Adding DNS Caching to Zend_Http_Client
Submitted by Matthew Turland on Mon, 12/01/2008 - 19:42In a recent post on my blog, I benchmarked various mainstream PHP HTTP client extensions and libraries. In doing so, I noticed that extensions based on libcurl (specifically the cURL and pecl_http) use an internal DNS cache and glean a significant performance gain from it.
While it is possible for PHP-based libraries to implement their own cache, none that I examined actually do. With a little curiosity egging me on, I decided to spend a bit of time digging into their code to see how difficult it would be to modify them to include a cache so I could compare the results for performance.
PEAR::HTTP_Client depends on PEAR::Net_Socket for its socket operations. Net_Socket handles DNS lookups by calling gethostbyname within its connect() method, but does not cache the result. Modifying this behavior would unfortunately require reimplementing a large portion of that method in a subclass and, in the interest of time, I decided not to pursue it further.

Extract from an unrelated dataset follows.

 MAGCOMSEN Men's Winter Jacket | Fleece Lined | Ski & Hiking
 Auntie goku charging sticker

Zend_Http_Client, on the other hand, actually made it relatively simple to do by extending and overriding a few methods in its Socket adapter class. See below for the subclass source code.
<?php
require_once 'Zend/Http/Client/Adapter/Socket.php';
class Custom_Http_Client_Adapter_Socket extends Zend_Http_Client_Adapter_Socket
{
protected $_ip;
protected $_ips = array();
public function connect($host, $port = 80, $secure = false)
{
if (!isset($this->_ips[$host])) {
$this->_ips[$host] = gethostbyname($host);
}
$this->_ip = $this->_ips[$host];
return parent::connect($this->_ip, $port, $secure);
}
public function write($method, $uri, $http_ver = '1.1',
$headers = array(), $body = '')
{
$uri->setHost($this->_ip);
return parent::write($method, $uri, $http_ver, $headers, $body);
}
}
This will perform a DNS lookup and cache the result for subsequent requests in which the host does not change. Once the host does change, the if block in the connect() method will repeat the lookup process for the new host. This works by having the socket connect directly to the IP address. The Host header of the request is how the server at that IP address knows the virtual host for which the request is intended.

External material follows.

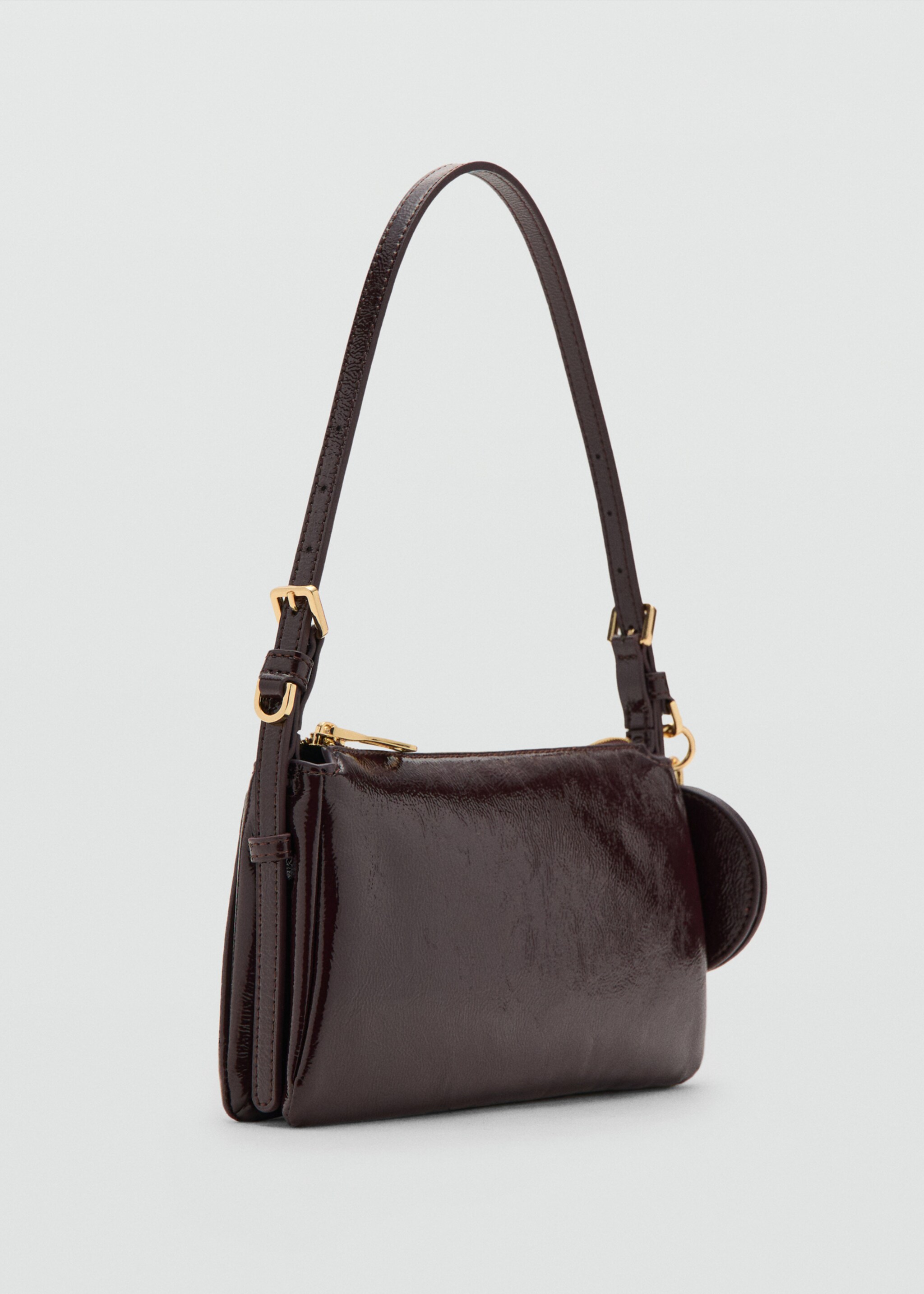 Shiny shoulder bag - Medium plane, Burgundy. Ref: 17096739-00.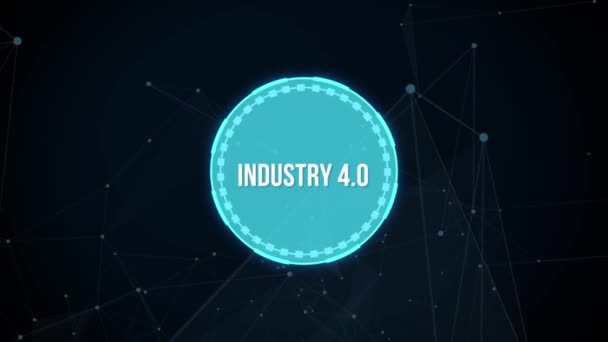 Интернет Бизнес Технологии Сетевые Концепции Индустрия Вычисления Физические Системы Iot — стоковое видео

When Zend_Http_Client::request() is called, it calls the _prepareHeaders() method of that class, which uses the host value associated with the internal $uri property at that time. The write() method of the adapter is subsequently called, which is overridden in the class above to overwrite that host value with the cached IP address.

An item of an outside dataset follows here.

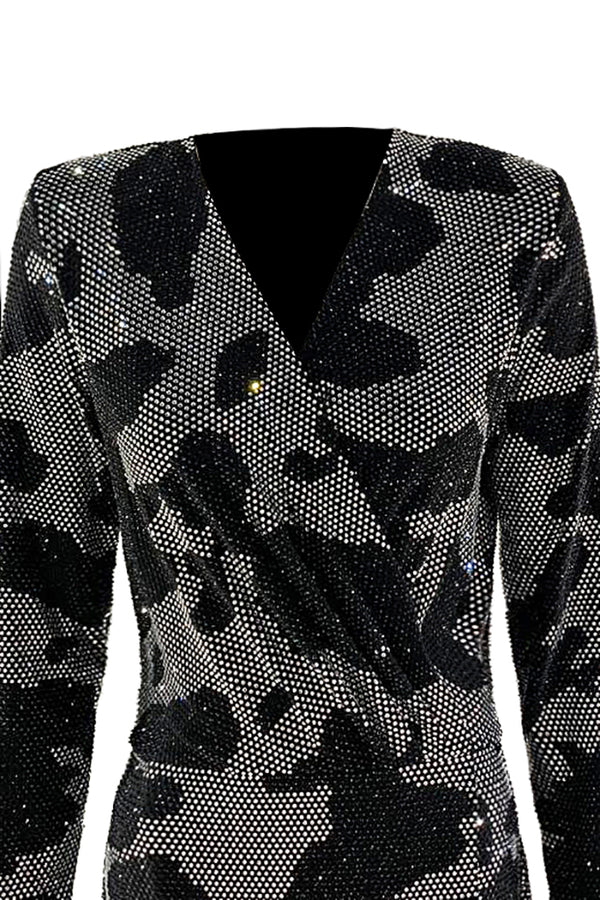 Wrap maxi dress with Leopard print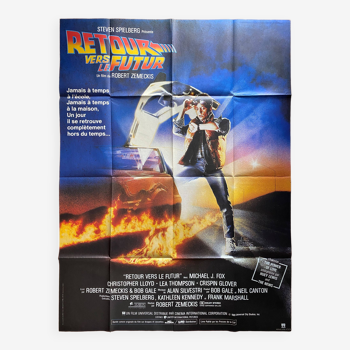 Affiche cinéma originale "Retour vers le futur" Michael J. Fox 120x160cm 1985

The test case code to use this against the native Zend socket adapter is shown below. Running on the same machine and internet connection as cited in my original post, control.php had a runtime of 17.314s and trial.php had a runtime of 9.219s.
<?php
// control.php
require_once 'Zend/Http/Client.php';
$client1 = new Zend_Http_Client();
$client1->setUri('http://ishouldbecoding.com');
$client1->request();
$client1->setUri('http://ishouldbecoding.com/code');
$client1->request();
// trial.php
require_once 'Zend/Http/Client.php';
require_once 'Custom/Http/Client/Adapter/Socket.php';
$client2 = new Zend_Http_Client();
$client2->setAdapter(new Custom_Http_Client_Adapter_Socket());
$client2->setUri('http://ishouldbecoding.com');
$client2->request();
$client2->setUri('http://ishouldbecoding.com/code');
$client2->request();
Note that this approach is intended for specific circumstances. One of these is that the server on which your PHP code is running does not have an OS that natively supports DNS caching or does not have software installed to add that capability and you do not have sufficient access to install it. Trying to handle DNS caching in a PHP script when the same functionality is available at a much lower (and faster) software level (i.e. within a C extension or the OS) can actually hurt performance, comparatively speaking. Examples of DNS software include bind, nscd, and dnsmasq (the one I'm using). As my original blog post states, the performance of the various extensions and libraries I reviewed is roughly consistent when this type of software is running.
The other circumstance is that the script either targets multiple hosts and alternates hosts between requests more often than not or has another requirement that mandates establishing multiple connections to the same host or hosts over the course of its runtime. If requests are consecutively made to the same hosts without much alternation, the recommended practice of keepalive configuration flag can be used to retain the established connection for multiple requests. This alleviates the need to go through the phases of DNS lookup and connection establishment multiple times per host. I made this modification to control.php, reran it through Xdebug, and got a runtime of 9.164s (beating the custom socket adapter runtime by 55ms).
A noteworthy point is that it is possible (though not very likely) for DNS changes to take effect while your script is running. The custom socket adapter class shown operates on the assumption that this will not happen. Particularly for scripts with a longer runtime, additional logic should be added to automatically invalidate the cache either on a timed basis and/or if a request to the cached IP address fails.
So, that's a wrap. Thanks for reading, hope you enjoyed it.